• [To do]
Repeat, exactly as written, the lines from the one with "Nutribullet Xxl Digital" to the final line of the listing, and keep every picture out.

• [The data]
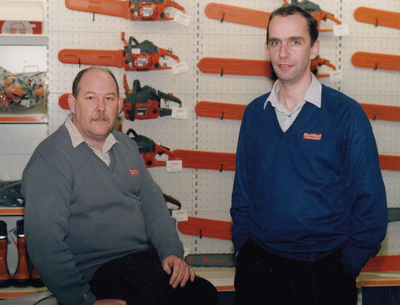 Mike Blair with Peter Rochford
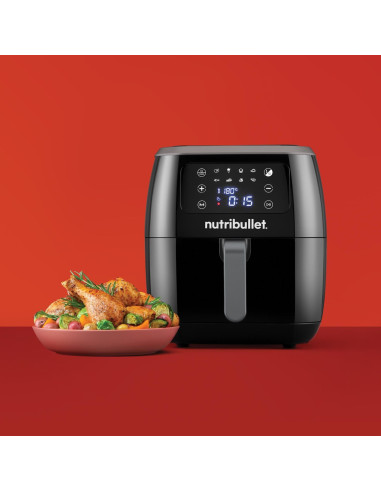 Nutribullet Xxl Digital Air Fryer Pojedyńczy 7 L Autonomiczny 1800 W Frytkownica Na Gorące Powietrze Czarny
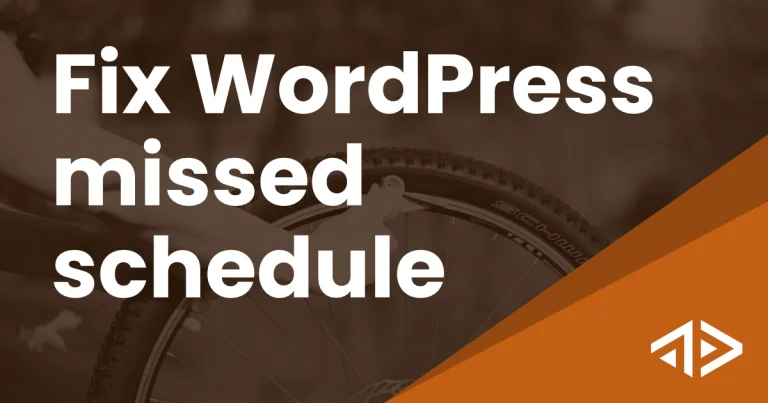 Fix WordPress missed schedule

• [Finished task]
 Nutribullet Xxl Digital Air Fryer Pojedyńczy 7 L Autonomiczny 1800 W Frytkownica Na Gorące Powietrze Czarny
 Fix WordPress missed schedule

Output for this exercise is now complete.